Il estime q’une solution non législative est possible, par exemple « l’agrément d’un seul établissement de crédit, avec transfert d’actifs des caisses locales. »

« Séparation unilatérale »

Bercy publie en plus de ces conclusions la lettre adressée le 25 janvier par la directrice du Trésor et le gouverneur de la Banque de France, en tant que président de l’Autorité de contrôle prudentiel  et de résolution (ACPR), le gendarme des banques, à Jean-Pierre Denis, le président du Crédit Mutuel de Bretagne et du Crédit Mutuel Arkéa, qui a reçu le soutien du conseil d’administration pour créer ce groupe indépendant et a prévu de consulter les caisses locales sur ce projet.

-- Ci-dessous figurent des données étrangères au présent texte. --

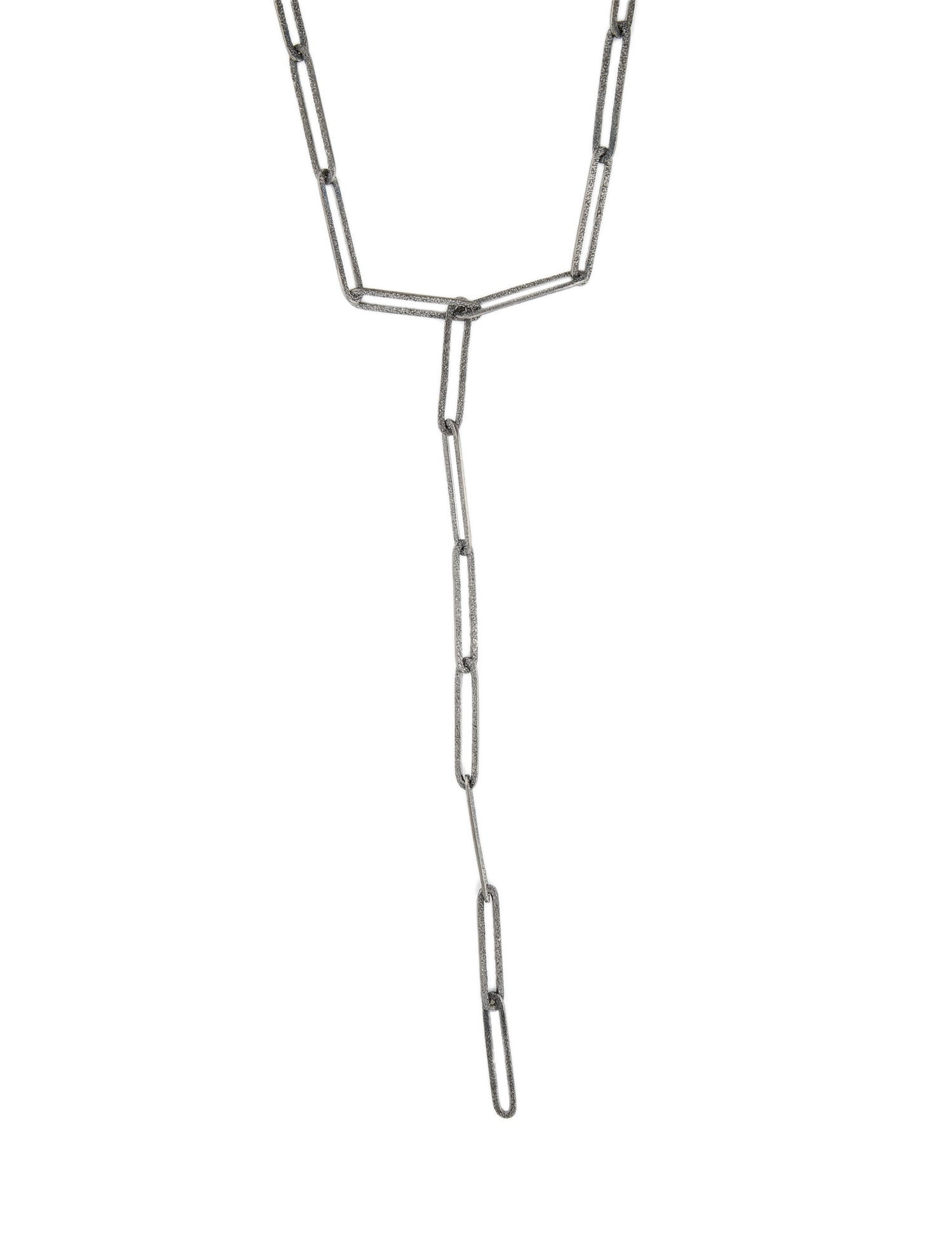 Brunello Cucinelli Glitter Lavalier Necklace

« Cette consultation devrait être précédée d’un éclairage complet et précis sur les conséquences juridiques, prudentielles, financières, opérationnelles et commerciales qu’une telle décision emporterait pour les caisses locales concernées » écrivent Odile Renaud-Basso et François Villeroy de Galhau, qui souligne que cette « séparation unilatérale » ne peut s’appuyer sur « l’hypothèse d’une modification du cadre législatif, qui n’est pas envisagée par le gouvernement ».

La directrice générale du Trésor et le président de l’ACPR insistent sur la nécessité de présenter « un scénario plus précis de sortie éventuelle […] rigoureusement documenté » où figureraient « les perspectives d’évolution de ses besoins en fonds propres et de ses conditions de refinancement, au regard de l’appréciation de la viabilité et de la solidité d’un groupe Arkéa devenu indépendant et de la disparition du mécanisme de solidarité avec le reste du groupe de Crédit Mutuel, et enfin de la perte de l’usage de la marque Crédit Mutuel. Cette décision potentiellement très importante pour tous les sociétaires suppose en effet leur complète information » concluent-ils.

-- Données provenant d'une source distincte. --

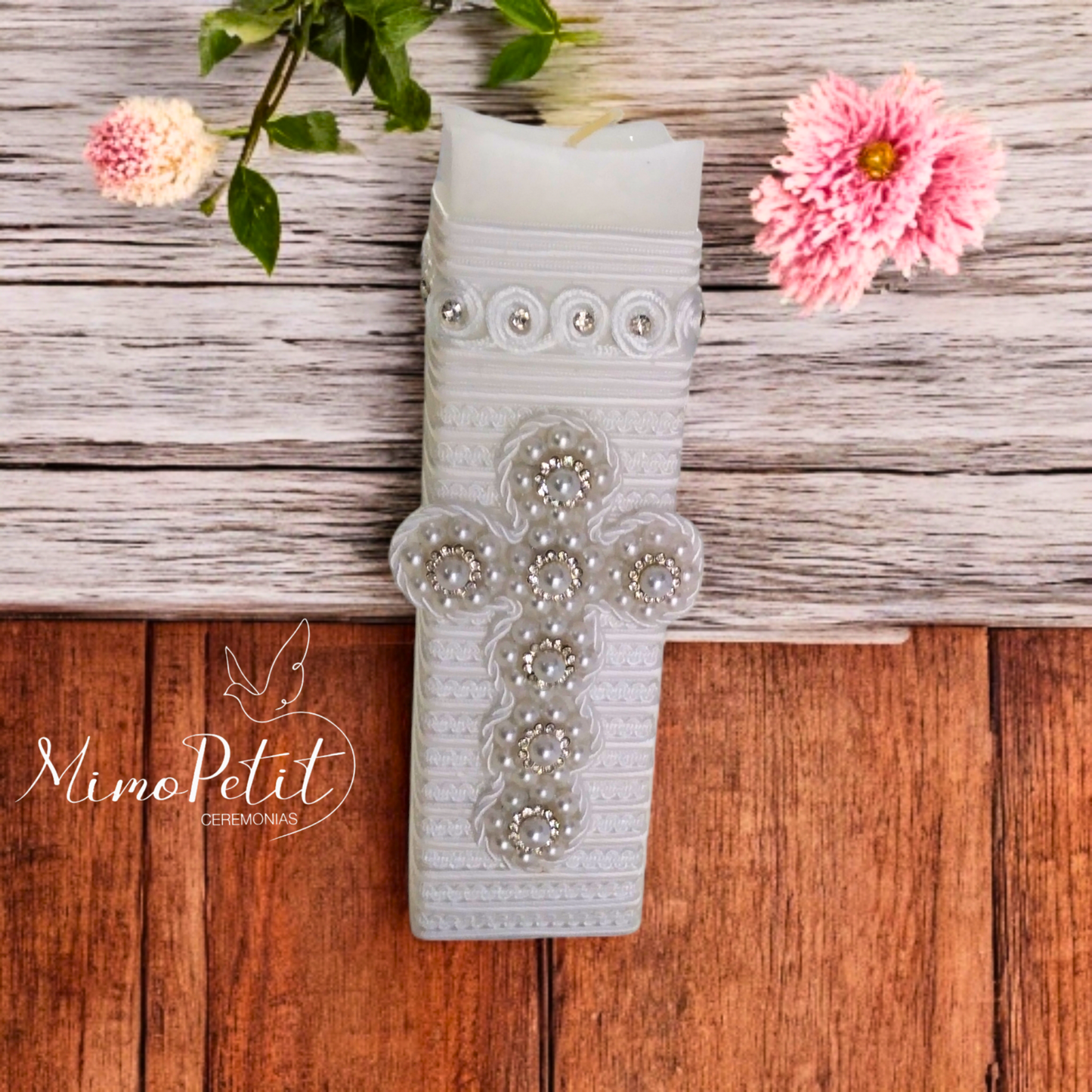 Kit Bautizo Niño Blanco Y-0001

La lettre est rendue publique à dessein : les deux auteurs demandent au président de Crédit Mutuel Arkéa de la porter à la connaissance de toutes les caisses locales.

La ligne semble désormais étroite pour le dirigeant d’Arkéa, sachant que la fédération du Massif central a déjà fait savoir qu’elle voulait rejoindre l’ensemble CM-11 qui regroupe les onze autres fédérations du Crédit Mutuel. Le plus gros ensemble de la banque mutualiste est présidé par Nicolas Théry, qui est aussi le président de la Confédération nationale avec laquelle Arkéa est en conflit.